En una ocasión le preguntaron a Confucio que por dónde empezaría si de gobernar a un país se tratara y él respondió: “Yo quisiera mejorar el lenguaje”. Asombrados, sus discípulos le dijeron que esa respuesta nada tenía que ver con su pregunta. ¿Qué significaba mejorar el lenguaje? Y entonces Confucio aclaró: “Si el lenguaje carece de precisión, lo que se dice no es lo que se piensa. Si lo que se dice no es lo que se piensa, entonces no hay obras verdaderas. Y si no hay obras verdaderas, entonces no florecen el arte ni la moral. Si no florecen el arte y la moral, entonces no existe la justicia. Si no existe la justicia, entonces la nación no sabrá cuál es la ruta: será una nave en llamas y a la deriva. Por esto no se permitan la arbitrariedad con las palabras. Si se trata de gobernar una nación, lo más importante es la precisión del lenguaje”. Es en este proyecto que se inscribe la tarea de Kraus. Siempre era así: cualquier frase, buena o mala, expresaba para él la verdadera intención de las personas.
Pensemos, entonces, en que se ha recurrido a los eufemismos porque de alguna manera los poderes, que permanecen y dejaron de llamarse periódicos para decirse fácticos, se hicieron más fuertes, adquirieron mayor poder y se acercan, con su actitud, a lo dictatorial. El discurso político puede decirnos en qué país vivimos, y si la nave continúa o no en llamas y a la deriva.

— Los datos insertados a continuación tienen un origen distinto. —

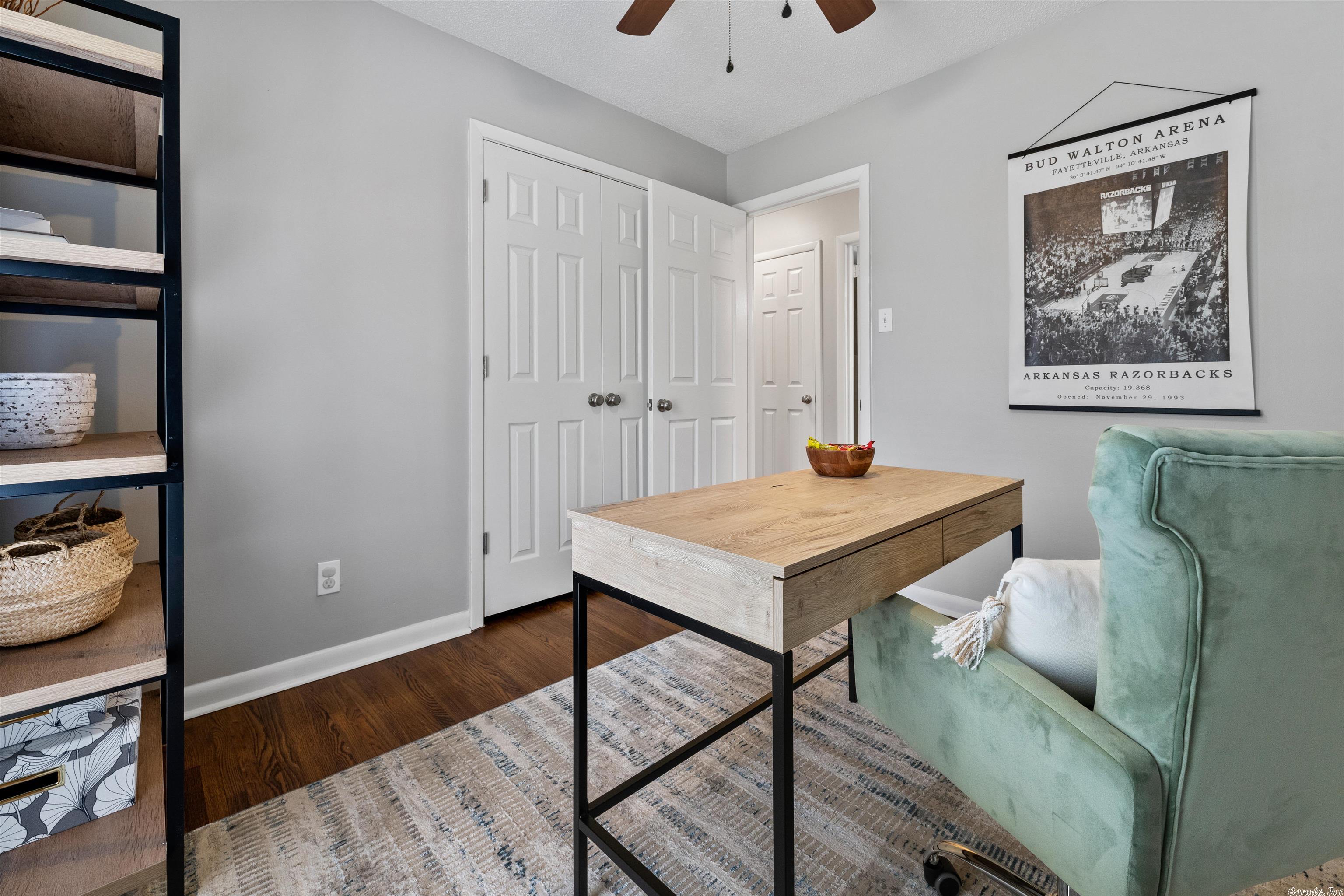 INDIAN HILLS - Residential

La mayoría de los mexicanos han perdido el orgullo de pertenecer a una nación llamada México, por ellos mismos, por su propia actitud para con la vida, o porque se lo arrebataron de mala manera, tanto los poderes fácticos como los sucesivos Gobiernos. De allí la necesidad que tuvieron de desmantelar los mitos fundacionales.
Para los judíos resultaría imposible degradar sus mitos, mucho menos su fe. Son una nación orgullosa de sí misma, en Israel o en el exilio. En el capítulo referente a Joseph Roth, Pérez Gay nos descubre:
—El yidish es el idioma del destino —le dijo Roth al rabí Gottfarstein—. Solo quien lo domina puede escribir en buen alemán… Nuestro idioma se apoderó de la realidad gracias a la lógica del alemán, y con la ayuda del hebreo definió mejor el lenguaje de los sueños, de las esperanzas y de los recuerdos.
Pero Pérez Gay aclara: “Las mentiras son sueños incumplidos. Roth construyó a su padre bajo esta sombra triste. Confundir ficción con realidad, lo que no evitó sino alimentó en todos los aspectos de su vida, hizo de Joseph Roth el novelista de la falsa autobiografía: una necesidad de consuelo en contradicción […]. Hay en él una fascinación por construir, inventar y reinventar a su padre. Se diría que la única dimensión épica o la única grandeza que le queda al huérfano es la capacidad de dar vida él mismo a su padre […]”.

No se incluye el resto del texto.